I’m currently trying to do a batch insert of several thousand to million vectors for Weaviate cloud, and I am using the following code.
I am occasionally getting the following error {‘message’: ‘Failed to send 53 objects in a batch of 53. Please inspect client.batch.failed_objects or collection.batch.failed_objects for the failed objects.’}
however, both of these are empty.
Is there any way I can improve my error handling to debug the problem? Thank you,
with self.collection.batch.fixed_size(batch_size=1000) as batch:
for i, data_row in enumerate(property_rows):
batch.add_object(
properties=data_row,
vector={
"title_vector": title_vectors[i],
"body_vector": body_vectors[i],
"keywords_vector": keyword_vectors[i],
},
uuid=generate_uuid5(data_row['ext_id'])
)
log.info(f"Num Errors: {batch.number_errors}")
log.error(f"Collection Failed objects outside of loop: {self.collection.batch.failed_objects}")

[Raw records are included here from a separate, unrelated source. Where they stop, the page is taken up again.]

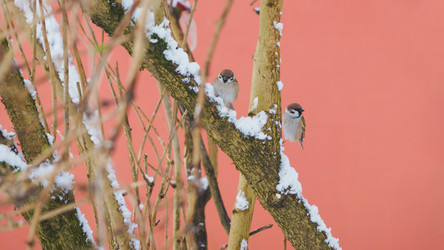 Similar image 22048857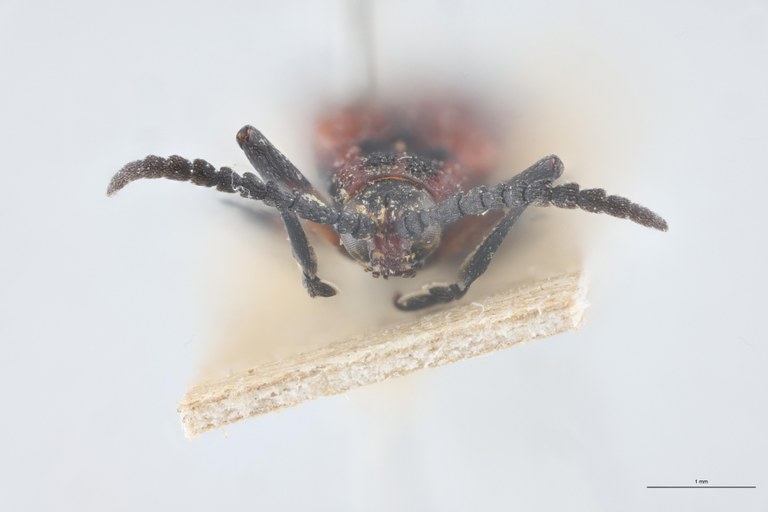 Xenochalepus trilineatus posticus T F.jpg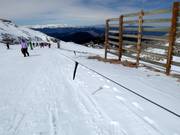 Baby 1 (Kellaria 1950) - Télécorde/remonte-pente à câbles bas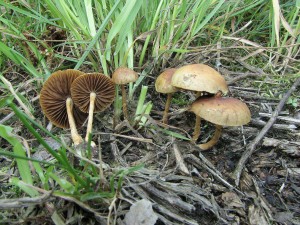 polnika plstnat-Agrocybe pediades.jpg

log.error(f"Client Failed objects outside of loop: {self.client.batch.failed_objects}")
Hello @JK_Rider,
I hope you having a lovely week!
Let me share my own code on how I handle error catching and messaging (I added your code bits in the loop instead of mine). Please try it out and see if it helps:
try:
with items.batch.dynamic() as batch:
for i, data_row in enumerate(property_rows):
batch.add_object(
properties=data_row,
vector={
"title_vector": title_vectors[i],
"body_vector": body_vectors[i],
"keywords_vector": keyword_vectors[i],
},
uuid=generate_uuid5(data_row['ext_id'])
)
failed_objs_a = items.batch.failed_objects # Get failed objects
if failed_objs_a:
print(f"Number of failed objects in the first batch: {len(failed_objs_a)}")
for i, failed_obj in enumerate(failed_objs_a, 1):
print(f"Failed object {i}:")
print(f"Error message: {failed_obj.message}")
else:
print("All objects were successfully added.")
except Exception as e:
print(f"Error during batch import: {e}")
print(f"Exception details: {str(e)}")
finally:
client.close()
Additionally, I’m a fan of allowing dynamic behavior in batching, but fixed size works well - I recommend using client.batch.dynamic().
1 Like
Awesome, thanks for the fast response. I’ll give it a try and see if it works.
1 Like
@Mohamed_Shahin
Hi Mohamed, Thanks for the assistance I was able to get the following error message.
Query call with protocol GRPC batch failed with message <AioRpcError of RPC that terminated with:\n\tstatus = StatusCode.UNAVAILABLE\n\tdetails = “sendmsg: Broken pipe (32)”\n\tdebug_error_string = “UNKNOWN:Error received from peer {created_time:“2024-08-28T18:23:59.686140478+00:00”, grpc_status:14, grpc_message:“sendmsg: Broken pipe (32)”}”\n>.
Do you happen to have any insight on this error.
If Additional Insights helps: This is running in AWS Cloud, this error does not happen on my local desktop.
hi @JK_Rider !!
Can you paste the full stacktrace?
This can help us identify where this error happens in the code. This error message indicates a connection being blocked or timing out.
Hi @DudaNogueira
The error was printed out from this part of the code @Mohamed_Shahin , provided. if failed_objs_a:
print(f"Number of failed objects in the first batch: {len(failed_objs_a)}“)
for i, failed_obj in enumerate(failed_objs_a, 1):
print(f"Failed object {i}:”)
print(f"Error message: {failed_obj.message}")
If further information is needed, I’m using the following code to connect to Weaviate Cloud.
client = weaviate.connect_to_wcs(
cluster_url=self.url,
auth_credentials=weaviate.auth.AuthApiKey(self.api_key),
additional_config=AdditionalConfig(
timeout=Timeout(init=60, query=120, insert=720) # Values in seconds
)
the error will occasionally also be
Error message: WeaviateBatchError(‘Query call with protocol GRPC batch failed with message <AioRpcError of RPC that terminated with:\n\tstatus = StatusCode.UNAVAILABLE\n\tdetails = “recvmsg:Connection reset by peer”\n\tdebug_error_string = “UNKNOWN:Error received from peer {created_time:“2024-08-28T23:03:28.550055837+00:00”, grpc_status:14, grpc_message:“recvmsg:Connection reset by peer”}”\n>.’)
Hi!
Can you try setting the batch size to a smaller number and then experiment by increasing it?
for example:
with self.collection.batch.fixed_size(batch_size=50) as batch:
...